Nothing but the lines from the one holding "White Ferrari FF parked outdoors" to the final line of the listing below, both included, should be repeated, and each must match exactly. Omit pictures.
------ THE DATA ------
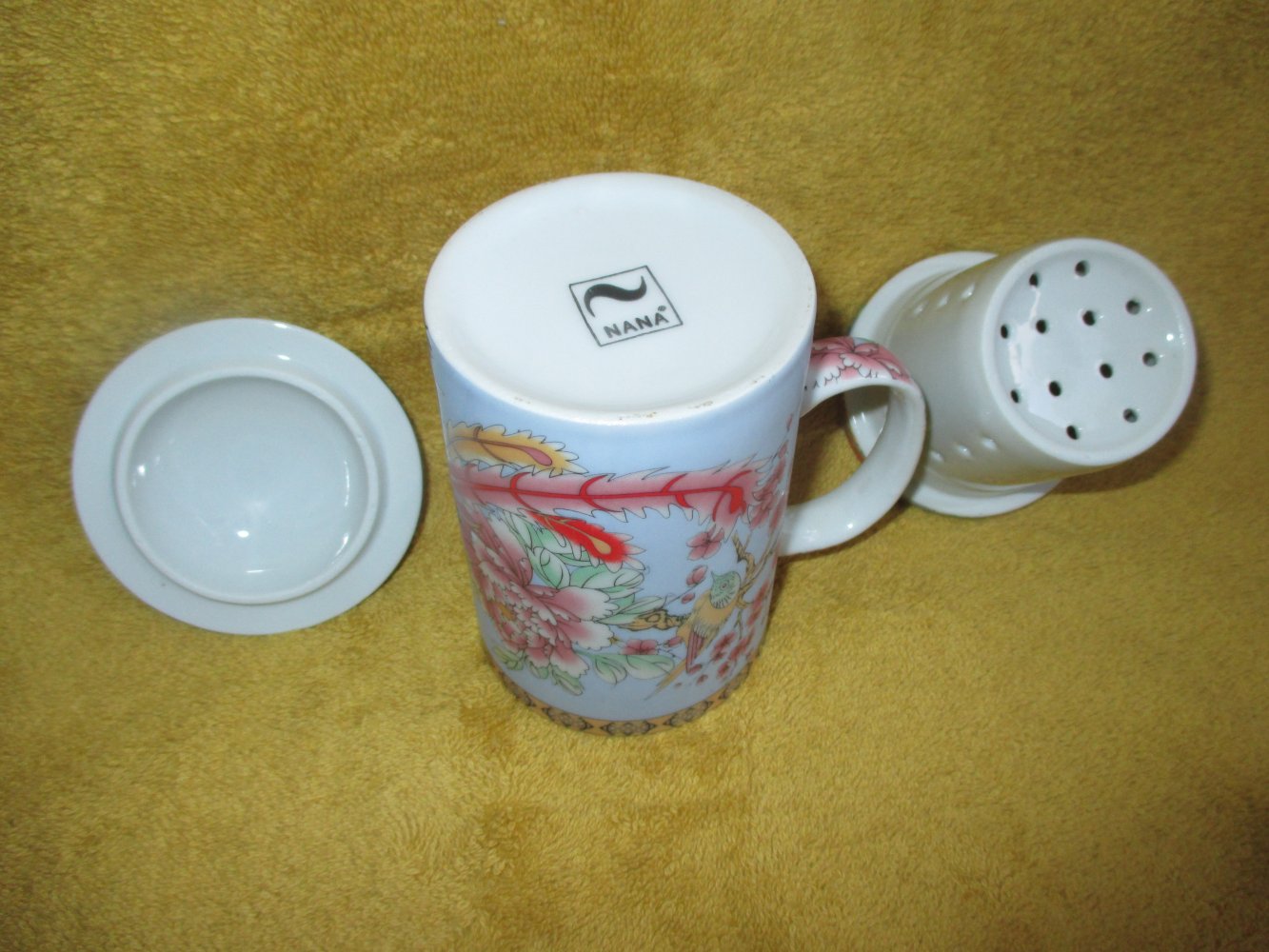 NEU * Asia- Style * SET * Blumen * Blüten * Paradiesvögel * Fasane * Porzellan * Tee- Tasse mit Filtereinsatz und Deckel 
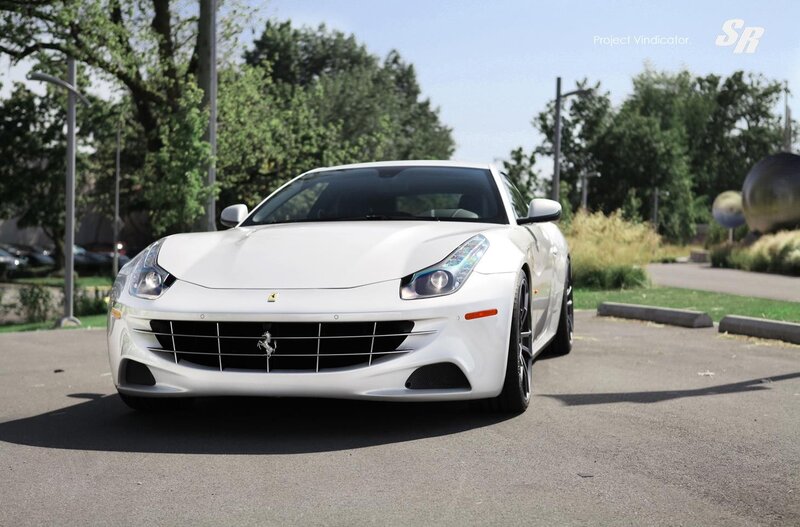 White Ferrari FF parked outdoors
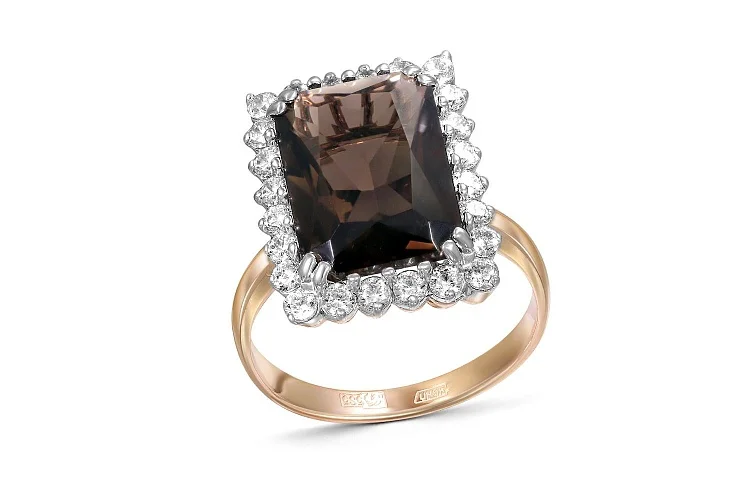 Кольцо из красного золота с раухтопазом и 24 фианитами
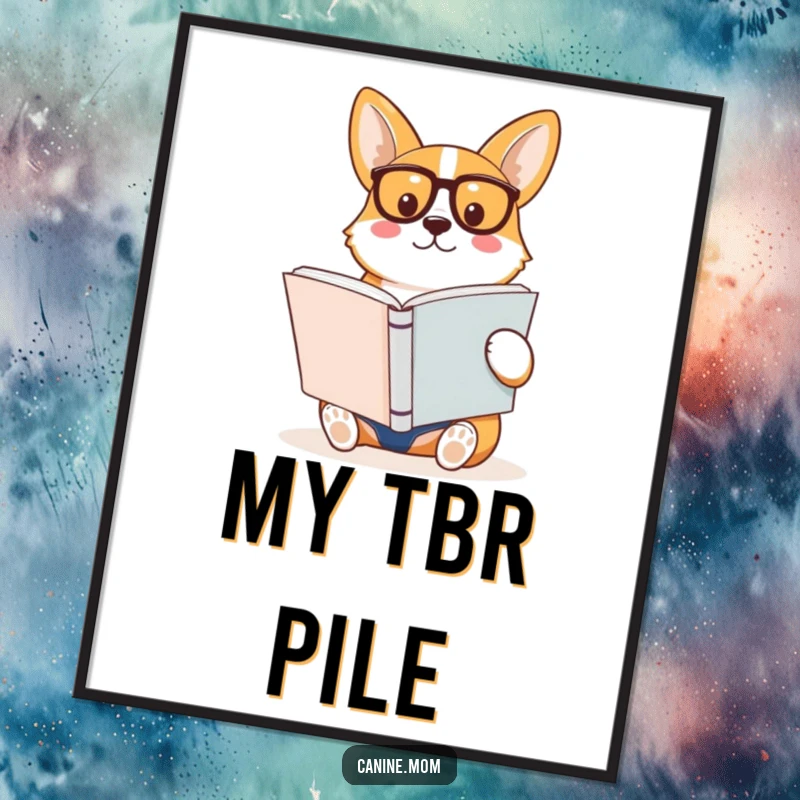 Funny Corgi Poster, wearing spectacles, absorbed in reading a substantial book, adding a wise and humorous touch to decor.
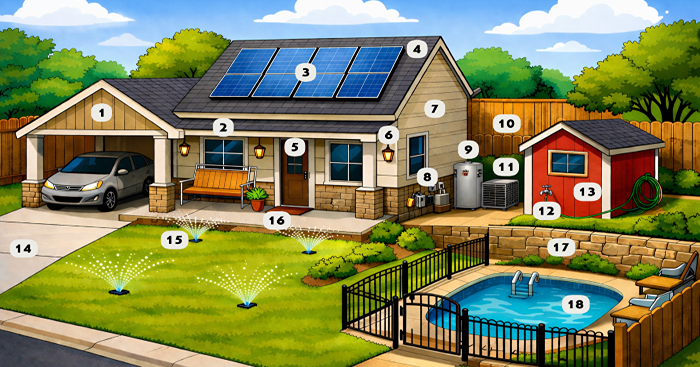 A house with a pool and shed with numbers that correspond to the features outlined in the accordions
------
• [FINISHED TASK]:
 White Ferrari FF parked outdoors
 Кольцо из красного золота с раухтопазом и 24 фианитами
 Funny Corgi Poster, wearing spectacles, absorbed in reading a substantial book, adding a wise and humorous touch to decor.
 A house with a pool and shed with numbers that correspond to the features outlined in the accordions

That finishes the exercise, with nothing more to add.